Conservatives correctly fault liberals for being too result-oriented, for bending rules and cutting procedural corners to achieve their goals–often by means of injudicious, essentially legislative, uses of judicial power. But some Republican senators, frustrated by Democratic filibusters against the president’s judicial nominees, may try to incite extreme judicial activism. They are thinking of asking the Supreme Court to discover that such filibusters are unconstitutional. Their theory? The Constitution’s provision that the Senate must consent before judicial nominees can take office supposedly requires that all nominations be brought to a vote.

Even more recklessly, some Republicans–anticipating January 2005, with Bush re-elected and them still control-ling the Senate–want Vice President Cheney, presiding there, to rule that the Senate is not a continuing body, and that therefore a simple majority can rewrite Senate rules.

But even if they confined their rewriting merely to making it easier to end filibusters of judicial nominees, would it be conservative to weaken the filibuster?
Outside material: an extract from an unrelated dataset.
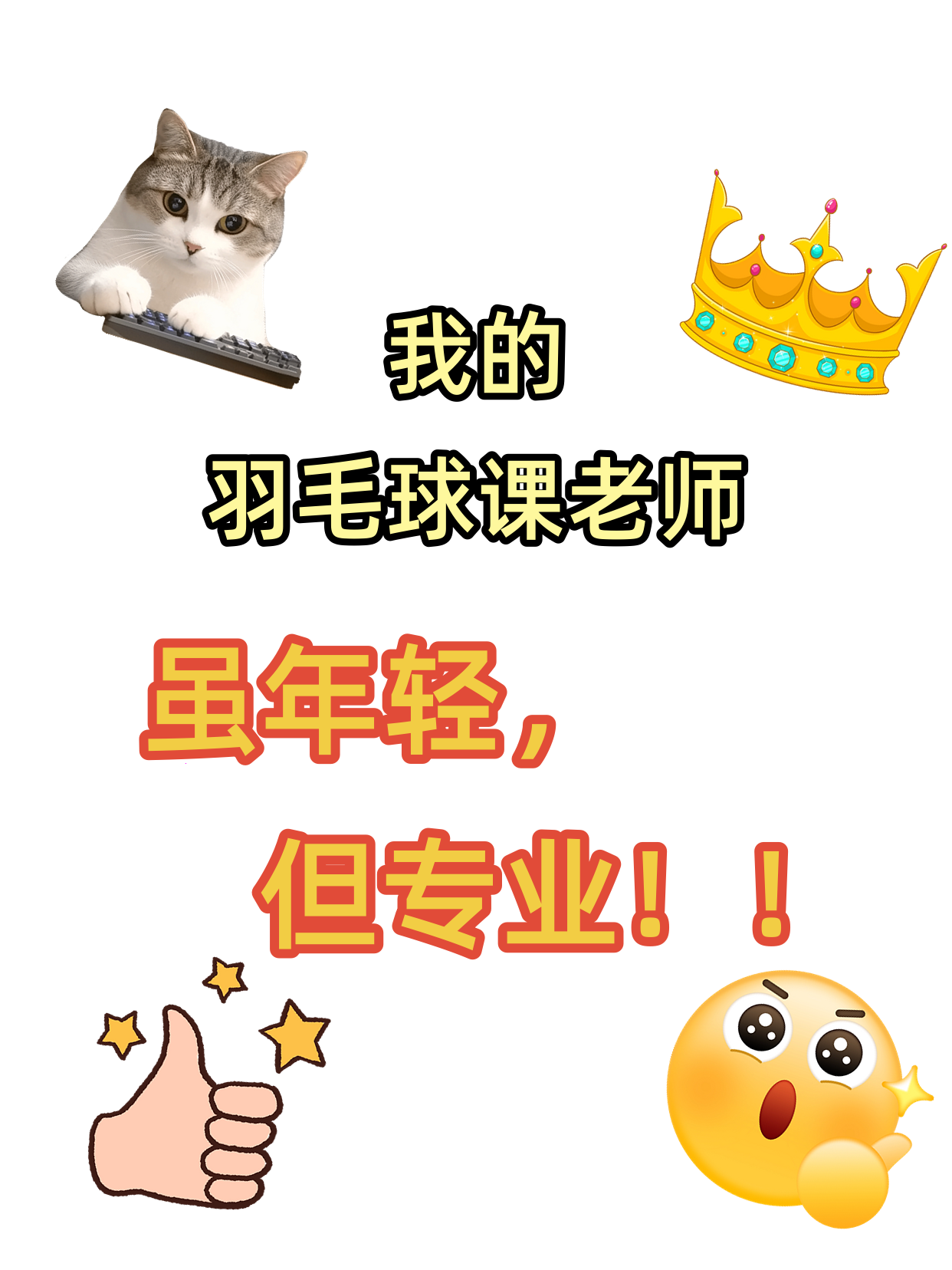 打工人福音！上海夜校羽毛球覆盖11区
It is one of the blocking mechanisms that enable intense minorities to slow the governmental juggernaut. Besides, an awful precedent would be set: Senate rules would be permanently in play, tinkered with for partisan advantage by the majority every two years.

When the House of Representatives began voting on the prescription-drug bill, Republicans controlling the House realized they were short of the votes needed for passage. So they set aside their supposedly strict commitment to 15-minute votes, and held the voting open for nearly three hours.

House and Senate Republicans must assume they will never again be in the minority and vulnerable to payback. They are mistaken.